Sutton Central by-election, 10 April 2025
| Party |  | Candidate | Votes | % | ±% |
|---|---|---|---|---|---|
|  | Liberal Democrats | Richard Choi | 1,291 | 55.7 | +16.8 |
|  | Conservative | Maria Arif | 327 | 14.1 | −8.8 |
|  | Reform | Joanna Bishop | 282 | 12.2 | +12.2 |
|  | Labour | Kerrie Peek | 216 | 9.3 | −17.9 |
|  | Green | Peter Friel | 95 | 4.1 | −7.0 |
|  | Independent | Pamela Marsh | 84 | 3.6 | +3.6 |
|  | CPA | Ashley Dickenson | 24 | 1.0 | +1.0 |
| Majority |  |  | 964 | 41.6 |  |
| Turnout |  |  | 2,319 |  |  |
|  | Liberal Democrats hold |  | Swing |  |  |

The by-election was triggered by the disqualification of Cllr David Bartolucci for non-attendance.

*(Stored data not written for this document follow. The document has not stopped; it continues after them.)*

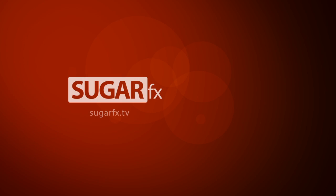For more plugins, transitions, or effects from SugarFX, please visit our website at SugarFX.tv.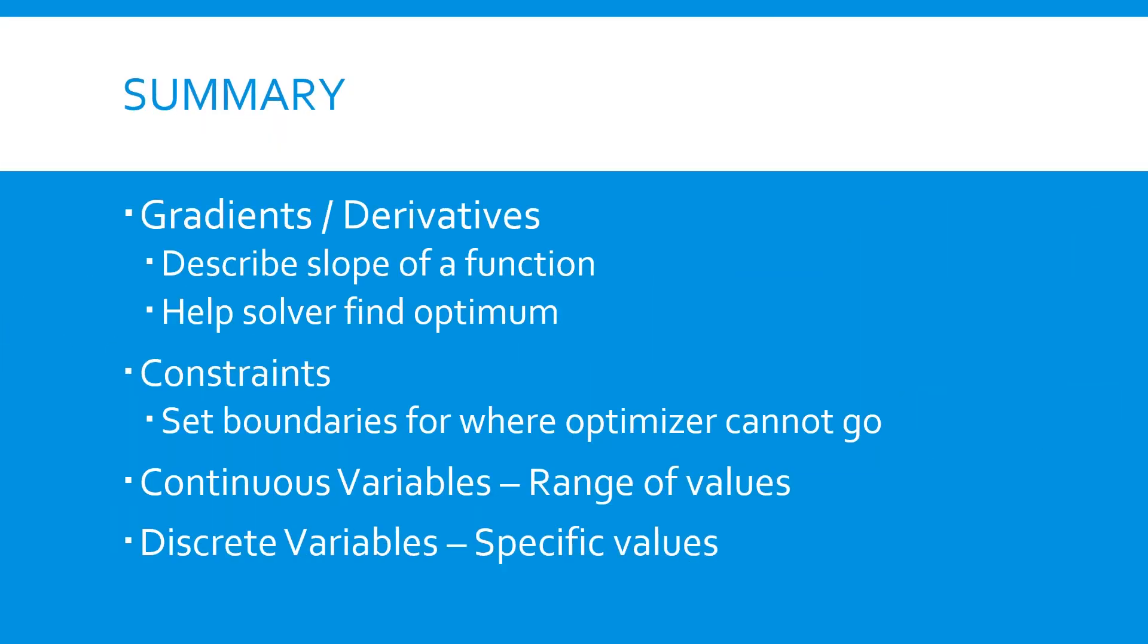In summary, gradients and derivatives describe the slope of a function and help a solver find the optimum. Constraints tell the solver where it cannot go. They often represent physical limitations of a system. Continuous, discrete or integer, and binary variables create different types of optimization problems that must be solved using different approaches. Discrete problems are often more difficult for optimizers to solve.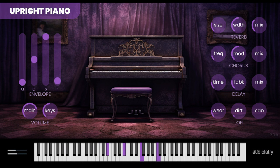Features include two velocity layers per sampled note, key click release samples, 44.1 kHz 16-bit audio quality, 100% royalty free, only 60 megabytes on disk, reverb, chorus, delay, and lofi modules, and ADSR envelope gain for main sound and key clicks. The Upright Piano is available in VST and VST3 for Windows, and VST, VST3, and AU formats for Mac OS.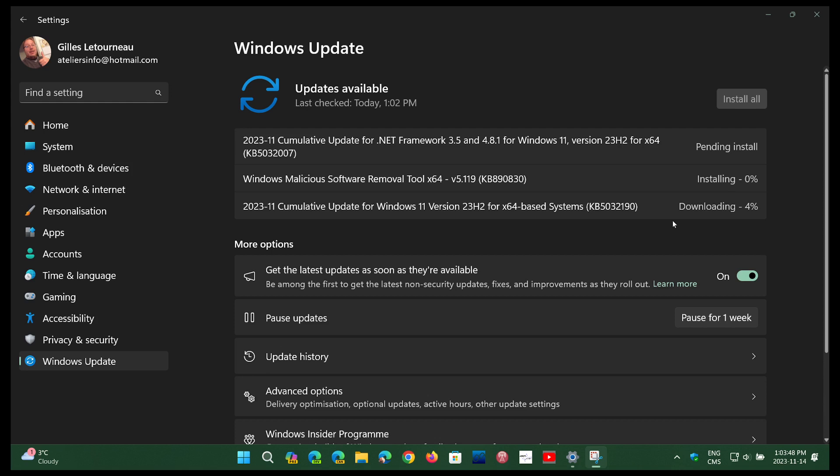On 23H2, it's KB5032190. I believe the KB number is not different for 22H2, but I could be wrong. I'm going to check it out.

Carshalton South and Clockhouse by-election, 10 April 2025
| Party |  | Candidate | Votes | % | ±% |
|---|---|---|---|---|---|
|  | Liberal Democrats | Lisa Webster | 1,674 | 52.2 | +12.1 |
|  | Conservative | Christopher da Cruz | 767 | 23.9 | −18.2 |
|  | Reform | Arlene Dearlove | 573 | 17.9 | +17.9 |
|  | Labour | John Keys | 89 | 2.8 | −5.4 |
|  | Green | Peter Friel | 79 | 2.5 | −7.1 |
|  | CPA | Ashley Dickenson | 23 | 0.7 | +0.7 |
| Majority |  |  | 907 | 28.3 |  |
| Turnout |  |  | 3,205 |  |  |
|  | Liberal Democrats hold |  | Swing |  |  |

The by-election was triggered by the resignation of Cllr Amy Haldane.